New Blog by a Young Blogger

Dinoplaza, a new blog about reports of dinosaurs alongside humans, has recently been started by Peter Theiss, a child cryptozoologist in the southeast United States. The site deserves a few brief excerpts.

Nessie Lives

Richard Preston, a landscape gardener, has been the latest person to spot a mysterious shape that might be the Loch Ness monster and capture a series of images on camera.

Best Photographic Evidence of Nessie, Ogopogo, and Champ

I think the best photographic evidence of Nessie is the 1975 underwater photo of Nessie, taken by Robert Rines.  The photo shows, quite clearly, indeed, a plesiosaur-like creature . . . flippers, a long neck, and a big head . . .

Living Dinosaur Roar

In 1981, American engineer Herman Regusters led his own expedition in search of Mokele-mbembe [Central Africa].  He returned with a sound recording of a “low windy roar [that] increased to a deep throated trumpeting growl”, which Herman Regusters believed to be the Mokele-mbembe’s call.

Please note that this child cryptozoologist is the same Peter Theiss mentioned in the newly published second edition of my nonfiction book Live Pterosaurs in America.
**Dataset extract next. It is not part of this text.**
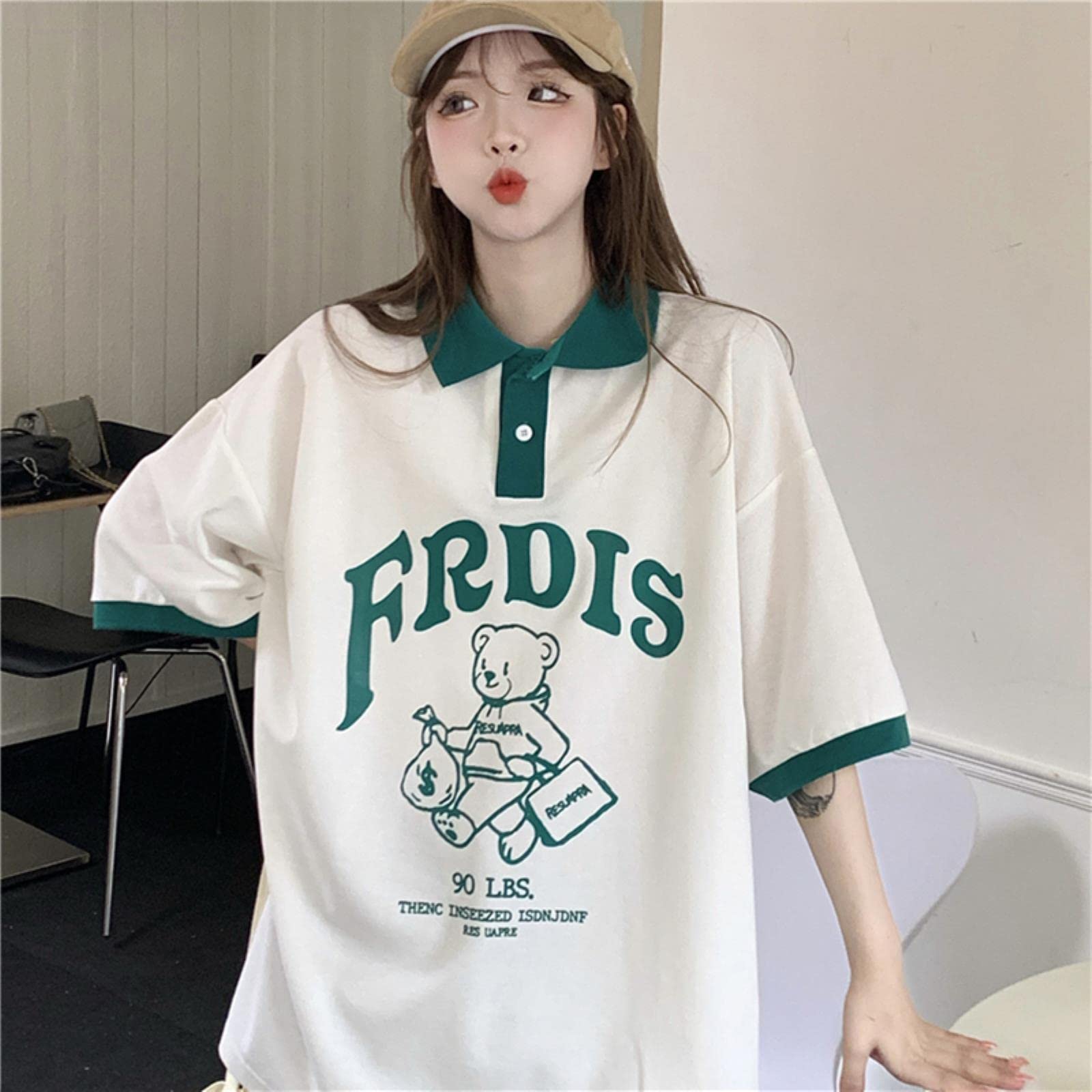 Camiseta para Mujeres Camisa de Gran tamaño de Manga Corta Lapa de Oso Informal-White,L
He contributed a valuable eyewitness sighting interview report regarding what we believe was a pterosaur flying over an area of St. Louis.

Ogopogo sighting, October, 2004

On August 9, 2004 at 7:30 a.m., the houseboat on Lake Okanagan started to rock back and forth. John Casorso and his family got up and looked out to see what happened. They were shocked at what they saw swimming away from them; it had just swam under the boat, apparently colliding with it. “We could really feel the power and size [of] what it was,” said Casorso.

He quickly got out his video camera and recorded about 15 minutes of footage. In the video is a long dark hump rising above the water. Casorso estimated the length of the creature at 15 meters but acknowledged that there may have been more than one creature.

The creature named “Ogopogo” is believed by some to be a kind of aquatic dinosaur, living in Okanagan Lake, British Columbia, Canada. It has been compared with “Nessie” of Loch Ness, Scotland, another “lake monster,” although there has been much controversy about interpretations. Perhaps it would be best to simply call them “cryptids.”

Dinosaurs seen in Papua New Guinea

According to Brian Irwin, who interviewed native eyewitnesses on New Britain Island, Papua New Guinea, “One afternoon late in 2005, three people from Awirin Island . . . were on the beach on the south side of the adjacent unpopulated Dililo Island . . . when they observed an amazing creature moving in the water . . . a long neck and a long tail and had a total length of about 20 metres and a width of about 2 metres. The head was described as being ‘like a dinosaur’ with an ‘oval-like face’ . . . The skin of the animal was . . . khaki green in colour. Dermal frills . . . on the creature’s back.” The description strongly suggests a sauropod dinosaur (like an apatosaurus).

Irwin seemed more interested in another sighting (or he had more information), about an apparent Therizinosaurus “sighted occasionally on Umbungi Island in West New Britain, Papua New Guinea. Umbungi Island is located on the south coast of West New Britain between Kandrian and Gasmata.” That apparent dinosaur had “a long tail and a long neck and was 10–15 metres in length.”